UK Horizon alternative ‘aims to make Brussels pick up the phone’

George Freeman ‘still pushing’ and ‘still hopeful’ on association, but thinks forthcoming plan for UK global science role could be catalyst

January 11, 2023

The Westminster government is “still pushing” and “still hopeful” on associating to the European Union’s Horizon Europe research programme, but forthcoming plans to detail a UK alternative stepping up the nation’s global science role could nudge Brussels to “pick up the phone”, according to the science minister.

George Freeman made the comments in a speech hosted by the thinktank Onward, fleshing out a vision for the UK to be a “science superpower and innovation nation” in a future where science will be “as key to our geopolitical security as our military capabilities”.

Talks on association to Horizon Europe – which offers funding for international collaborations as well as for prestigious European Research Council grants recognising outstanding researchers – have stalled as the European Commission ties the issue to the impasse on resolving the Northern Ireland protocol.

“We never wanted to leave these programmes – we still don’t,” said Mr Freeman. “We are still pushing for that association to be finalised.”

The minister added that he was “in Paris just before Christmas” to discuss the issue and was “still hopeful”.

“I’ve yet to find a member state that doesn’t say, ‘we really want the UK in Horizon’,” said Mr Freeman. “But it’s caught up in the high politics of the bigger post-Brexit relationship.”

He sought to use the speech, which was also streamed online, to send a message to Brussels.

“Let me be very clear to all those watching today that we cannot allow UK research to be benched, great UK researchers and scientists to be benched, spectating on this incredibly exciting period in science and research,” said Mr Freeman.

If the UK “can’t play in the European Cup of science, then we have to go and play in the World Cup of science”, he continued.

The government was working with the sector on the focus of an alternative programme, he said.

This would include a focus on “talent” via better support for researchers at various stages of their careers; funding for “moonshots” in “big opportunities to deploy UK technology much more strategically”; a global pillar covering bilateral relationships with key research economies and multilateral partnerships on global challenges; and investment in infrastructure.

“I meet research leaders virtually every week,” said the minister. “We are working in the coming weeks to define this package.
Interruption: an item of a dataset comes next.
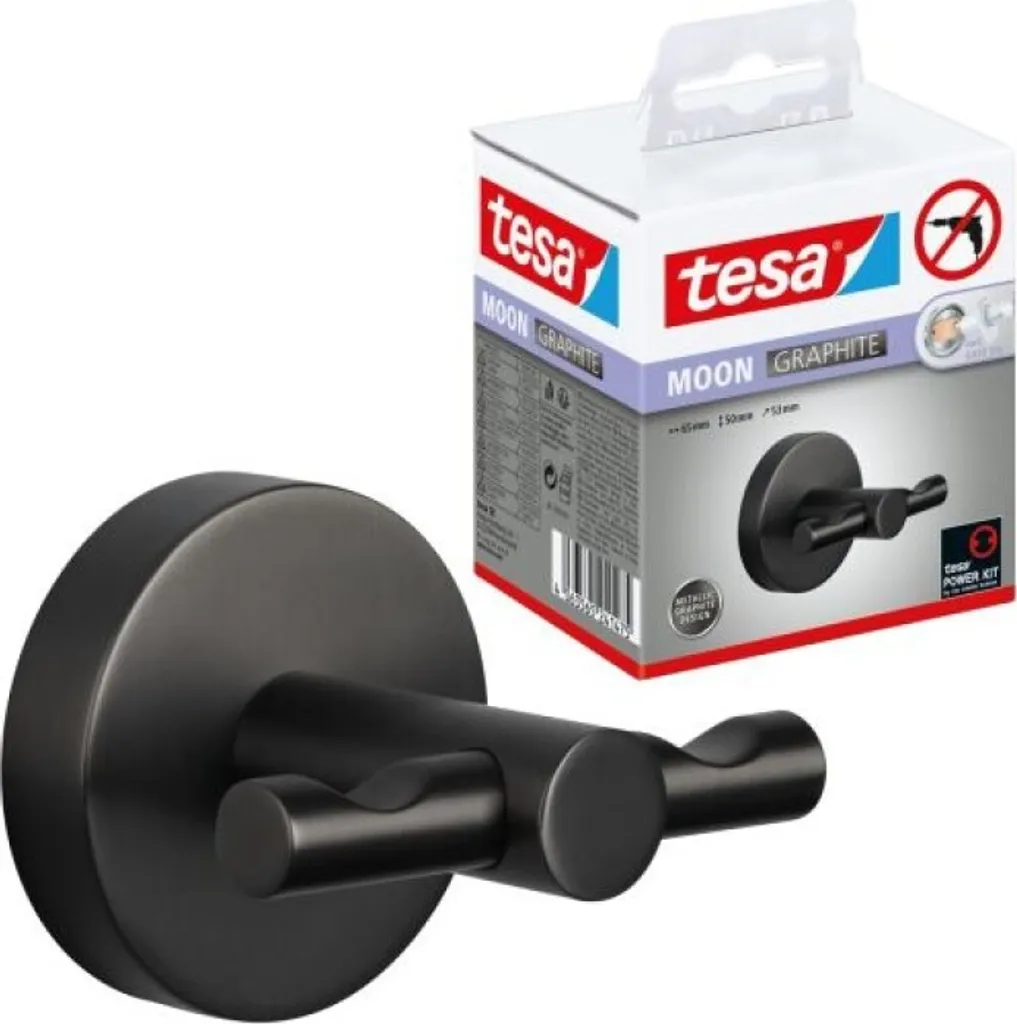 Appendino tesa MOON 40594 Grafite PVD: Gancio Bagno Professionale Adesivo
It’s now with the prime minister, the chancellor, the cabinet, the NSTC [National Science and Technology Council], and you’ll be hearing in the coming months and around the budget, a much clearer picture of how we intend to start to deploy this funding if we can’t secure association.”

Asked if there was a choice between Horizon association and taking a new, more global role, Mr Freeman said he would “plead guilty to wanting to have our cake and eat it”.
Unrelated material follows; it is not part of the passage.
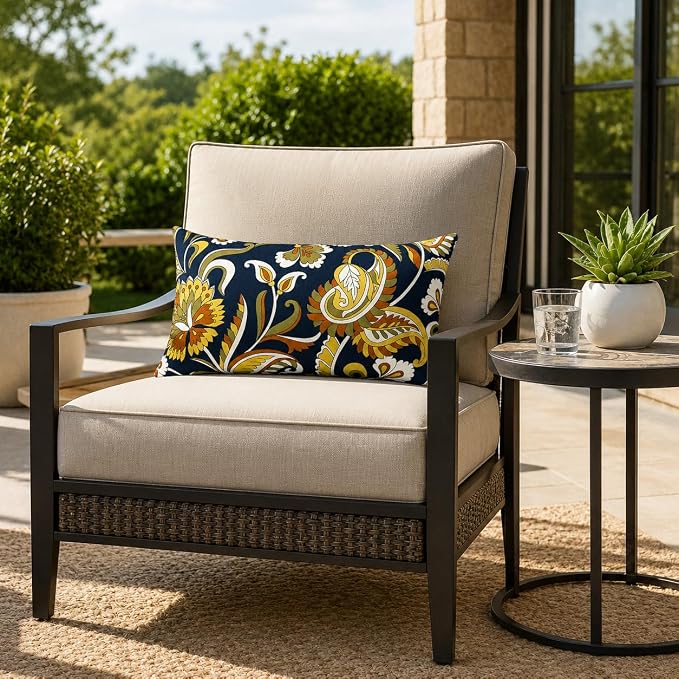 Outdoor Lumbar Pillows 12"x20" Waterproof Patio Pillows with Inserts | Set of 2 Fade Resistant Outdoor Waterproof Lumbar Pillow Decorative Garden Lumbar Cushions for Home Patio Terrace Sofa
“I want us to be in a very strong European collaborative ecosystem; and I want us to be able to use our UK and European science, research, technology and innovation for the global good,” he added.
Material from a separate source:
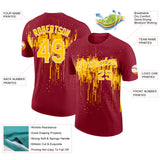 Custom Crimson Yellow-White Dripping Splatter Paint Performance T-Shirt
“If we move with bold vision as the prime minister is minded to do, I think what will happen is not only will we allow our science and research to be globally impactful, but also I think the European Union will see that we are committed to doing this. And I think it’s more likely they will pick up the phone and say, ‘Come back in, let’s do the ERC [European Research Council] together,’ and learn from some of the things we are doing.”

In the past, the research sector had advised ministers “don’t give the idea there’s an alternative”, Mr Freeman went on. “I think the mood has changed over the last year. I think increasingly people have said the worst of all worlds is to be benched: neither in nor active outside.”

With Horizon already underway, Mr Freeman was asked about funding allocations and the government’s commitment to ring-fence money allocated for association.

With government Horizon guarantees and support packages, spending was “at something like a billion”, amounting to only “a small under” on what would have been contributed to Horizon under association, he said.

In terms of this funding, the Department for Business, Energy and Industrial Strategy was “looking with the Treasury now at what we could deploy in this next year, two years, the rest of this CSR [comprehensive spending review period], strategically, to both support domestic research and international,” Mr Freeman continued.

“We are determined to honour that ring-fenced commitment…We’re not going to allow monies we would have received through Horizon to be taken off and spent on other areas. It will be committed to UK R&D. The challenge is how and where best.”